Although her shining silver face was as impassive as ever, Utuk’ku nevertheless felt a shadow of impatience as she stared into the untenanted Well. Time was growing short now. A lifetime for one of the scurrying mortals was a scant season for the eldest, so the short span that stretched between now and the hour of her triumph could seem scarcely more than a few heartbeats if she chose to perceive it so.
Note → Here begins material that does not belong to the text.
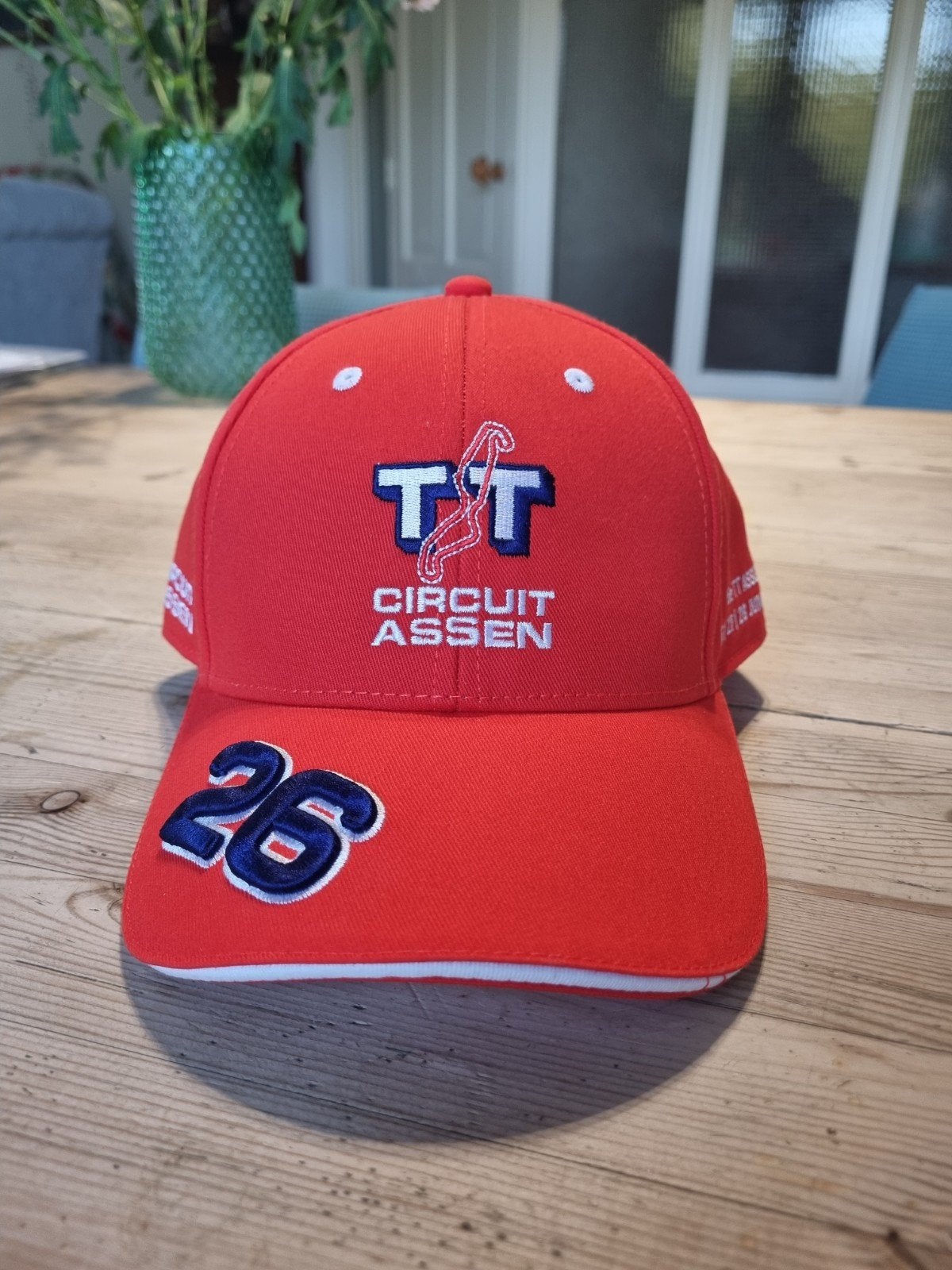 TT Circuit Assen Pet - 95e TT Assen 2026, TT Circuit Assen, Nieuw, Pet, One size fits all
But she did not choose that. Every moment was precious. Every instant brought victory closer—but for that victory to come to pass, there could be no mistakes.
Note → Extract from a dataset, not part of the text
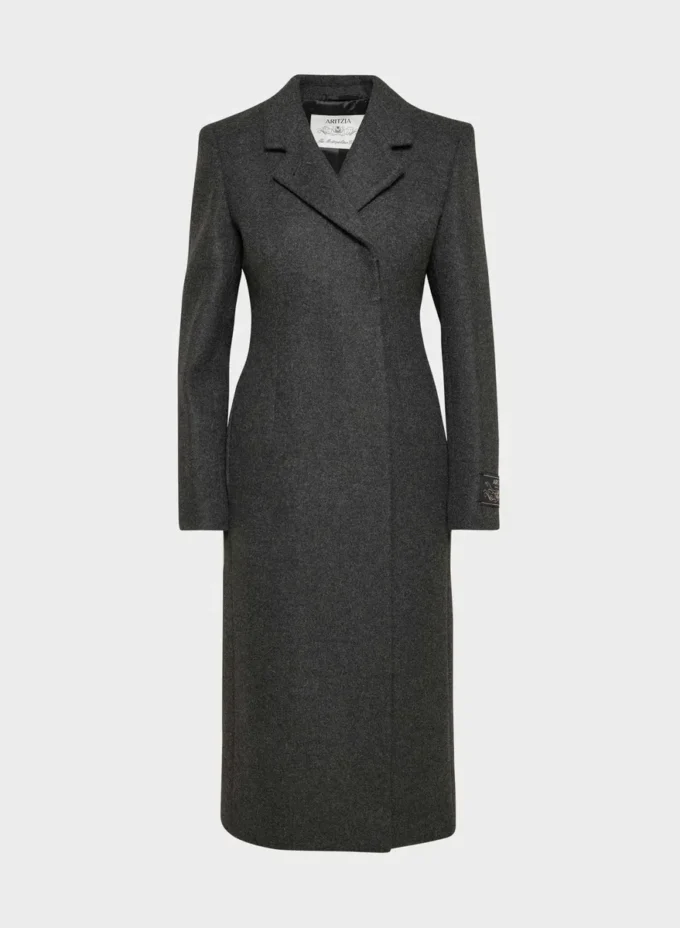 The Metropolitan Coat – luksuriøs ullkashmir The Metropolitan Coat – luksuriøs ullkashmir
The Queen of the Norns was troubled.
8
Nights of Fire
Simon’s blood seemed almost to boil in his veins. He looked around him, at the white-blanketed hills, at the dark trees bending in the fierce, chilling winds, and wondered how he could feel so full of fire. It was excitement—the thrill of responsibility … and of danger. Simon felt very much alive.
He leaned his cheek against Homefinder’s neck and patted her firm shoulder. Her wind-cooled skin was damp with sweat.
“She is tired,” Hotvig said, cinching the strap on his own mount’s saddle. “She is not meant for such fast traveling.”
“She’s fine,” Simon shot back. “She’s stronger than you think.”
“The Thrithings-folk know horses if they know anything,” Sludig said over his shoulder. He turned away from the tree trunk, lacing his breeches. “Do not be so proud, Simon.”
Simon stared at the Rimmersman for a moment before speaking. “It is not pride. I rode this horse a long way. I will keep her.”
Hotvig raised his hand placatingly. “I did not mean to make you angry. It is just that you are thought of well by Prince Josua. You are his knight. You could have one of our fleet clan-horses for the asking.”
Simon turned his stare on the braid-bearded grasslander, then tried to smile. “I know you meant it well, Hotvig, and one of your horses would be a gift indeed. But this is different. I called this horse Homefinder, and that is where she will go with me. Home.”
“And where is that home, young thane?” asked one of the other Thrithings-men.
“The Hayholt,” Simon said firmly.
Hotvig laughed. “The place where Josua’s brother rules? You and your horse must be mighty travelers indeed, to ride into such fier
ce weather.”
“That’s as may be.” Simon turned to look at the others, squinting against the oblique afternoon light streaming past the trees. “If you’re all ready, it’s time to go. If we wait longer, the storm may die. We’ll be under the light of an almost full moon tonight. I’d rather have the snow and the sentries all hunkered down over a fire.”
Sludig started to say something, then thought better of it. The Thrithings-men nodded in agreement and swung easily into their saddles.
“Lead on, thane.” Hotvig’s laugh was short but not unfriendly. The little company eased down out of the copse and back into the bitter clutches of the wind.
Simon was almost as grateful for the simple chance to do something as he was of this evidence of Josua’s trust. The days of increasingly bad weather, coupled with the important duties granted to his companions but not to him, had left Simon restless and ill-tempered. Binabik, Geloë, and Strangyeard were in deep discussion over the swords and the Storm King; Deornoth oversaw the arming and preparing of New Gadrinsett’s ragtag army; even Sangfugol, thankless as he found the task, had Towser to watch. Before Prince Josua had called him to his tent, Simon had begun to feel as he had in days he had hoped long past—like a drummer boy hurrying along after the Imperator’s soldiers.
“Just a little spying work,” Josua had called this task, but to Simon it was almost as splendid as the moment he had been knighted. He was to take some of Hotvigs grasslanders and ride out for a look at the approaching force.
“Don’t do anything,” the prince had said emphatically. “Just look. Count tents—and horses if you see them. Look for banners and crests if there’s enough light. But don’t be seen, and if you are, ride away. Quickly.”